Il modello da seguire è quello inglese, la Premier è l'esempio da cui trarre linfa, spunti "È il compito della nostra generazione non solo lasciare ai nostri figli un altro calcio, migliore e più trasparente, ma anche un altro Paese. Senza dubbio ci sono delle differenze tra me e altri presidenti di club che si occupano del governo della Serie A. E quindi anche le opinioni sono distanti. Secondo me la Serie A in Italia dovrebbe essere gestita come la Premier League in Inghilterra, da persone che portano avanti l’intera Lega come prodotto. Con una strategia per lo sviluppo e l’esportazione del nostro calcio. In James Pallotta, il presidente della Roma, abbiamo trovato un alleato. Investitori stranieri in altri club? Non importa da dove arrivino gli investimenti, ma posso assicurare che la Juve resterà italiana".

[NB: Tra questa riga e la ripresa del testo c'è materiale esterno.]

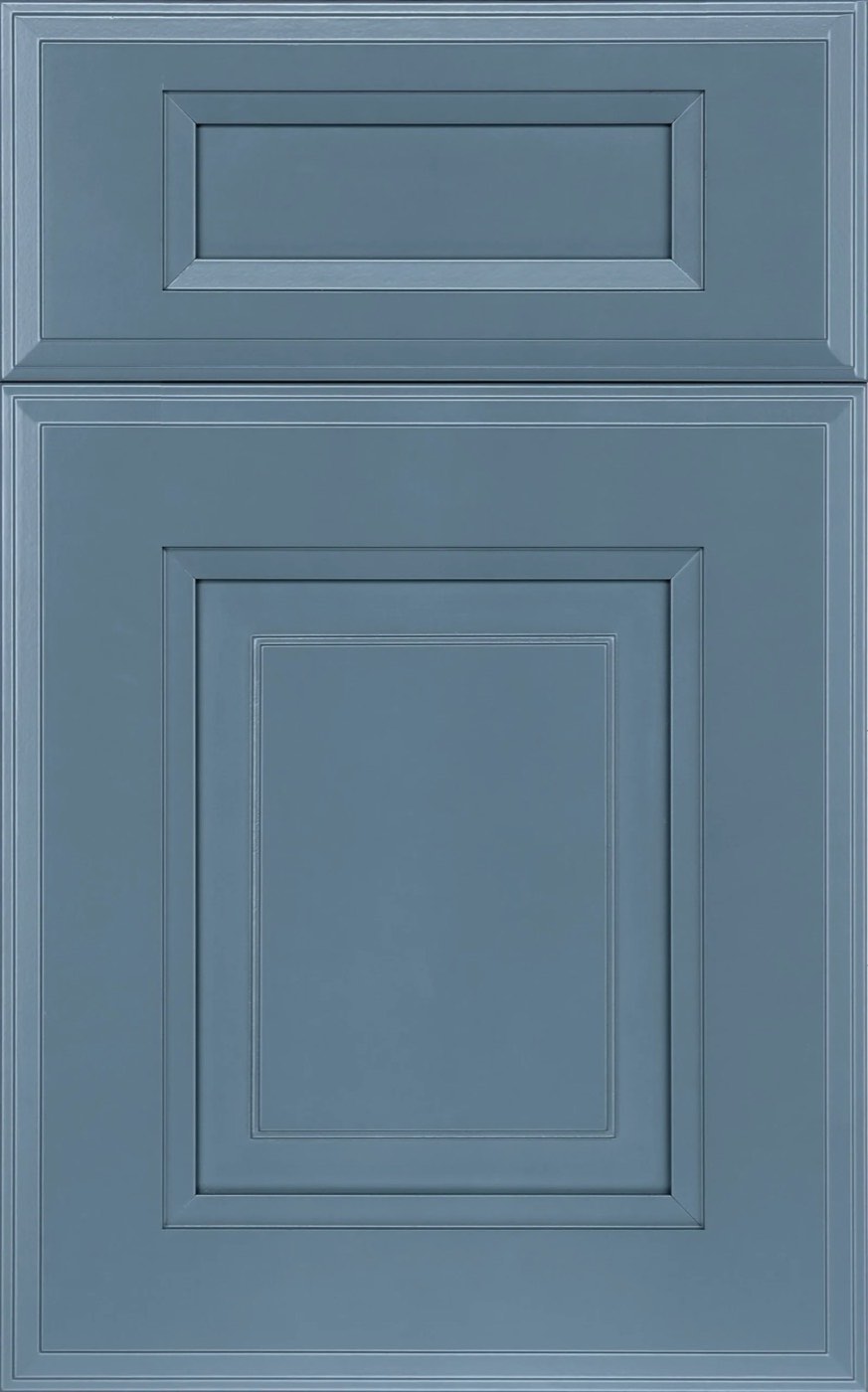 Medallion Cabinetry Calistoga Raised Panel door, Hydrangea on Maple, available at Shoreline Cabinet Company in Wilmington, NC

Dalla battaglia in Lega si passa poi allo scontro di campo e torna protagonista la Juventus. In programma, la prossima settimana, la trasferta a Dortmund, un passo verso le grandi d'Europa, l'occasione di approdare tra le migliori otto in Champions. Agnelli traccia un bilancio, evidenziando le differenze di ricavi dai top club e le difficoltà a misurarsi con squadre come City e Psg che attuano una politica finanziaria discutibile "In questo momento ci sono quattro squadre che non hanno concorrenti in termini di fatturato: Real Madrid, Manchester United, Bayern Monaco e Barcellona. Sono seguiti da PSG e Manchester City, che però operano un doping finanziario, con i quali non posso concorrere. Se tolgo questi due club dalla classifica la Juventus sale all’ottavo posto. Il mio obiettivo è raggiungere il quinto posto in tre, quattro anni. In Champions con il Dortmund? Siamo la Juventus. Dobbiamo vincere ogni partita".
L'ultimo capitolo è un tuffo nel passato, un ritorno al 2006, al processo di Calciopoli, uno scontro frontale, una guerra di carte che la Juventus non accetta di perdere "Riabilitazione? Non è la parola corretta. Noi abbiamo accettato la sentenza del diritto sportivo, ma ad essa si è giunti molto velocemente, in un mese. Poi sono emerse nuove informazioni che non sono state prese in considerazione. Tre anni fa abbiamo presentato una domanda di risarcimento di 443 milioni perché per due anni non ci siamo qualificati alla Champions League e abbiamo dovuto rinunciare agli introiti conseguenti. Aspettiamo l'udienza".